Urine tests assess kidney phosphate excretion, which is typically high. X-rays of bones, especially wrists, knees, ankles, and long bones, visualize abnormalities and assess rickets or osteomalacia. Genetic testing, particularly for PHEX gene mutations, can confirm the diagnosis.
Current Treatment Strategies
The main goals of treatment for hypophosphatemic rickets are to increase phosphate levels in the blood and improve bone mineralization. Conventional therapy typically involves daily oral phosphate supplements combined with active vitamin D analogs, such as calcitriol. These medications work together to help the body absorb and retain more phosphate, supporting bone health. However, this traditional approach can have side effects, including gastrointestinal issues like diarrhea and abdominal pain, as well as potential long-term complications such as kidney stones or calcium buildup in the kidneys due to elevated calcium levels in the urine.

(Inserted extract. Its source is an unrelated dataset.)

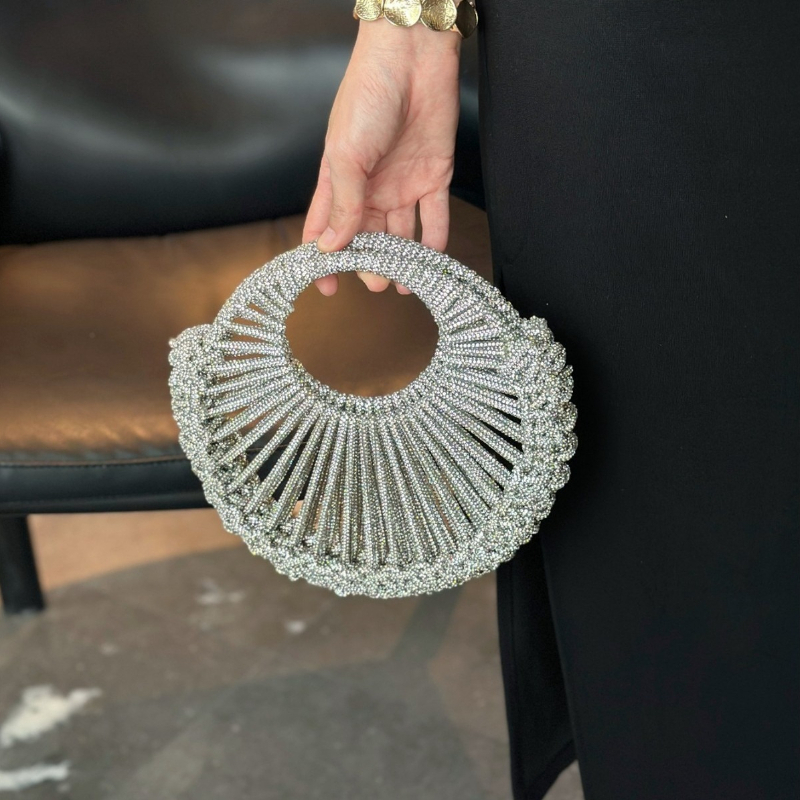 Błyszcząca Kopertówka Wieczoro – Women Bags 2026 Trends recenzja i cena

A newer, targeted therapy for X-linked hypophosphatemia (XLH) is burosumab (Crysvita), a monoclonal antibody. Burosumab works by directly addressing the root cause of XLH: excessive FGF23 activity. It binds to FGF23, preventing it from signaling the kidneys to waste phosphate, thereby restoring renal phosphate reabsorption and increasing the body’s ability to absorb phosphate from the intestines by raising active vitamin D levels. This targeted approach can normalize phosphate levels, improve rickets in children, and help heal fractures in adults, often with a better side effect profile compared to conventional therapy. Additionally, consistent dental care is an important part of managing the condition to address dental issues.
Living with the Condition
Living with hypophosphatemic rickets requires ongoing medical management and a proactive approach to care. Regular follow-up appointments are necessary to monitor blood and urine levels of phosphate, calcium, and other relevant markers, allowing for adjustments to treatment as needed. This continuous monitoring helps ensure the effectiveness of therapy and helps minimize potential side effects.

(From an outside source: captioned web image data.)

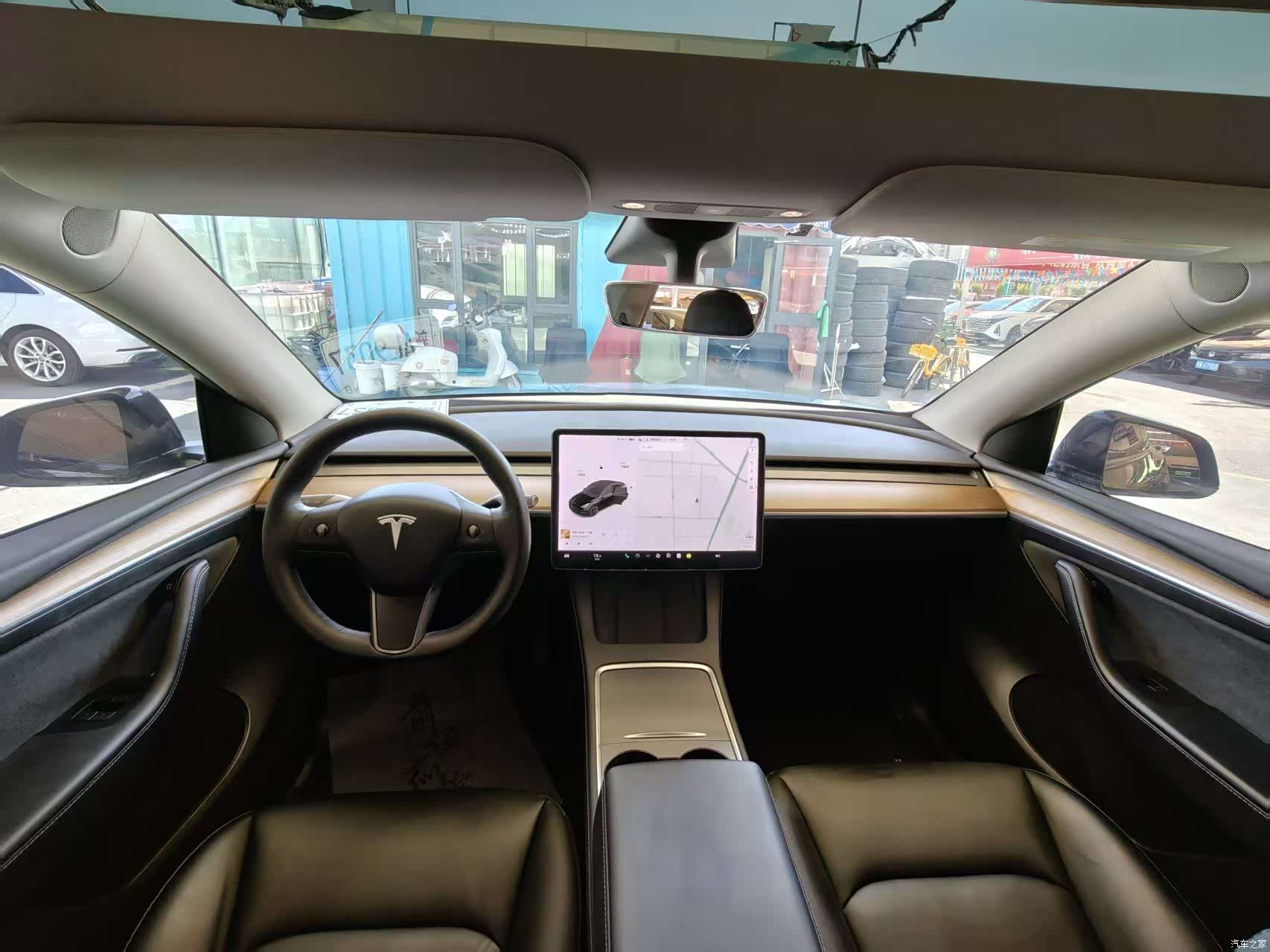 Tesla Model Y, 2021 6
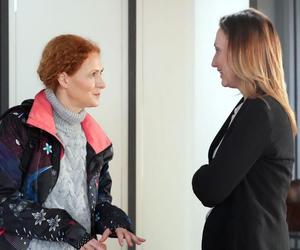 Barwy szczęścia odc. 3022. Asia Sokalska (Anna Gzyra), Halina Kałuża (Marta Zięba)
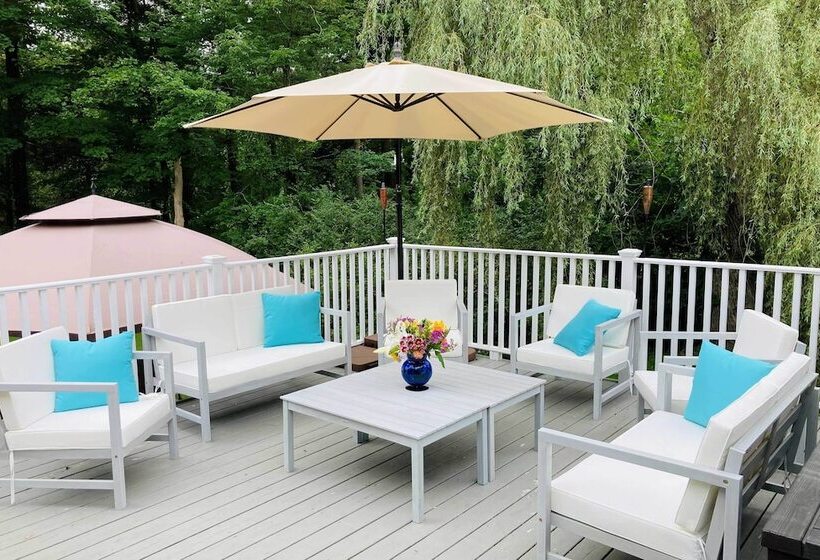 Cozy Litchfield House W/ Fenced In Yard & Fire Pit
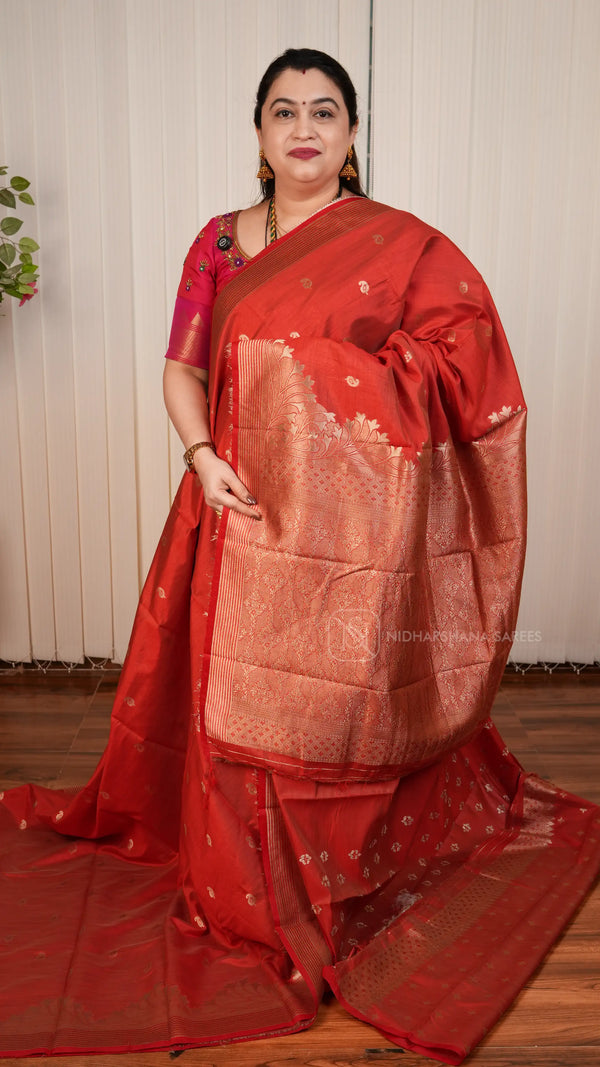 Semi Tussar Silk Saree With Mango Motif Butta And Turning Border Concept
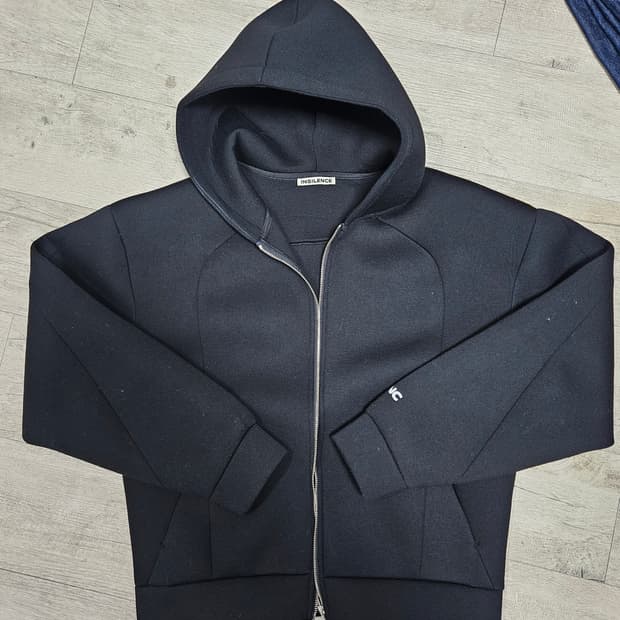 인사일런스 후드집업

Despite treatment, individuals with hypophosphatemic rickets may still face potential complications. These can include kidney stones or nephrocalcinosis from conventional therapy, the development of osteoarthritis, or hearing loss. Strategies for managing these complications include careful medication adjustments and specific interventions as they arise. A multidisciplinary care team, involving endocrinologists, nephrologists, dentists, and orthopedists, is often recommended to provide comprehensive and coordinated care for individuals throughout their lives.